Without any images, write the data out exactly as it appears.

- Supplied information
● ● ● ● ● ● ●
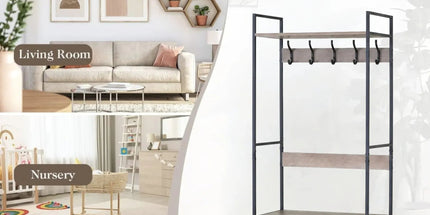 CARLA HOME Freestanding Garment Rack - 5 Hooks 4 Shelves - Brown - Rustic - Steel Tyack eCommerce Solutions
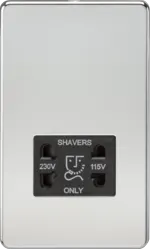 ml Polished chrome 115V/230V Dual Voltage Shaver Socket - Polished Chrome with Black Insert - ml Polished chrome 115V/230V Dual Voltage Shaver Socket - Polished Chrome with Black Insert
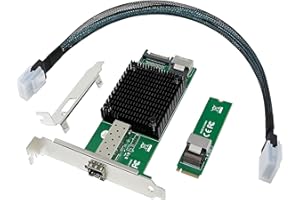 ULANSEN 10G M.2 NVMe(M Key SFP+ PCIe X4 Netwrok Card with Intel 82599(X520-DA1), adaptador industrial de 10 GB RJ45 Ethernet NIC con soporte SFF-8087 Cable/Low Profile Support PXE&UEFI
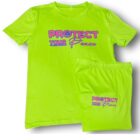 A neon green t-shirt and shorts set with the words " project new place ".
● ● ● ● ● ● ●
- Exercise output
 CARLA HOME Freestanding Garment Rack - 5 Hooks 4 Shelves - Brown - Rustic - Steel Tyack eCommerce Solutions
 ml Polished chrome 115V/230V Dual Voltage Shaver Socket - Polished Chrome with Black Insert - ml Polished chrome 115V/230V Dual Voltage Shaver Socket - Polished Chrome with Black Insert
 ULANSEN 10G M.2 NVMe(M Key SFP+ PCIe X4 Netwrok Card with Intel 82599(X520-DA1), adaptador industrial de 10 GB RJ45 Ethernet NIC con soporte SFF-8087 Cable/Low Profile Support PXE&UEFI
 A neon green t-shirt and shorts set with the words " project new place ".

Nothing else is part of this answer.